I'd like every record given again exactly, please.

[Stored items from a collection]

========

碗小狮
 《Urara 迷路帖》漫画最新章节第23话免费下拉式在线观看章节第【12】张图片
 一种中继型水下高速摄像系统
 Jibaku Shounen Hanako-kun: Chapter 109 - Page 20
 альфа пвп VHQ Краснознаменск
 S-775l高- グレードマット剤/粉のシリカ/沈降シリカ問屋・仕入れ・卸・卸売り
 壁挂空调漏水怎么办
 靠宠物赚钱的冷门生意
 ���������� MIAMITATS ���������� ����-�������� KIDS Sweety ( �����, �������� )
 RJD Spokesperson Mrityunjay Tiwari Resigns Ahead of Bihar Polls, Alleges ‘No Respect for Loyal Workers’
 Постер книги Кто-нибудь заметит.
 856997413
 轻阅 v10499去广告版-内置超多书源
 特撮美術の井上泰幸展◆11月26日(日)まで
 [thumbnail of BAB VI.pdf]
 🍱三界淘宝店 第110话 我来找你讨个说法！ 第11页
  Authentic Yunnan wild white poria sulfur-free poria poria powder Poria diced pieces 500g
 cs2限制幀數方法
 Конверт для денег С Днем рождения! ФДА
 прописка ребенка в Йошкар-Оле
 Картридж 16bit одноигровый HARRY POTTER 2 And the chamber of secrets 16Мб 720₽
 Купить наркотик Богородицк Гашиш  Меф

========

* _WRITTEN RESPONSE_:
碗小狮
 《Urara 迷路帖》漫画最新章节第23话免费下拉式在线观看章节第【12】张图片
 一种中继型水下高速摄像系统
 Jibaku Shounen Hanako-kun: Chapter 109 - Page 20
 альфа пвп VHQ Краснознаменск
 S-775l高- グレードマット剤/粉のシリカ/沈降シリカ問屋・仕入れ・卸・卸売り
 壁挂空调漏水怎么办
 靠宠物赚钱的冷门生意
 ���������� MIAMITATS ���������� ����-�������� KIDS Sweety ( �����, �������� )
 RJD Spokesperson Mrityunjay Tiwari Resigns Ahead of Bihar Polls, Alleges ‘No Respect for Loyal Workers’
 Постер книги Кто-нибудь заметит.
 856997413
 轻阅 v10499去广告版-内置超多书源
 特撮美術の井上泰幸展◆11月26日(日)まで
 [thumbnail of BAB VI.pdf]
 🍱三界淘宝店 第110话 我来找你讨个说法！ 第11页
  Authentic Yunnan wild white poria sulfur-free poria poria powder Poria diced pieces 500g
 cs2限制幀數方法
 Конверт для денег С Днем рождения! ФДА
 прописка ребенка в Йошкар-Оле
 Картридж 16bit одноигровый HARRY POTTER 2 And the chamber of secrets 16Мб 720₽
 Купить наркотик Богородицк Гашиш  Меф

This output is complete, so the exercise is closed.